Le lien d’affection de Vincent Graton avec les gens de la terre

CANTONS-DE-L’EST — Vincent Graton a passé plusieurs étés de son enfance à La Malbaie sur les hauteurs de Charlevoix.

Aux petites lueurs du jour, il aimait « faire le train » avec M. Tremblay, propriétaire de l’Auberge des Peupliers. Il revoit l’agriculteur et aubergiste contempler le Saint-Laurent avec admiration en lui disant : « C’est à toi. »

« C’est avec lui que j’ai appris à aimer mon pays », admet volontiers le comédien, aujourd’hui animateur de l’émission Le goût du pays, à Unis TV.

Il a aussi séjourné à L’Isle-aux-Coudres, dont les splendeurs ont été révélées au monde par le réalisateur Pierre Perrault. Vincent Graton affirme d’ailleurs qu’il préférait cent fois les films de ce cinéaste, qu’il visionnait avec son père, plutôt que les dessins animés de la télé.

Né sur l’île de Montréal, Vincent Graton a également eu la chance de compter sur des grands-parents, agriculteurs avant leur mariage, dans le secteur de Côte-Vertu. En leur compagnie, il se souvient des interminables balades en voiture qui le conduisaient d’une ferme à l’autre pour saluer les connaissances.
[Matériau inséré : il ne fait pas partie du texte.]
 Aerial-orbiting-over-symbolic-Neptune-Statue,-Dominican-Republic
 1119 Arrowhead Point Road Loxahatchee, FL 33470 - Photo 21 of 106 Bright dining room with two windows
L’achat de tomates, de cantaloups, de concombres et d’autres légumes revêtait alors une double signification.

« Chaque fois, relate-t-il, il y avait une histoire rattachée, comme si mes grands-parents voulaient encourager un paquet de monde sur leur route. »

Vincent Graton a retenu cette leçon de solidarité. Très tôt, songe-t-il, il a ainsi pris conscience de l’origine réelle des aliments. Plus tard, il a découvert qu’il pouvait faire d’une pierre deux coups en associant son pouvoir d’achat à ce lien d’affection envers les agriculteurs. Il dit vouer un « immense respect » à ces « grands philosophes très ancrés dans la terre ».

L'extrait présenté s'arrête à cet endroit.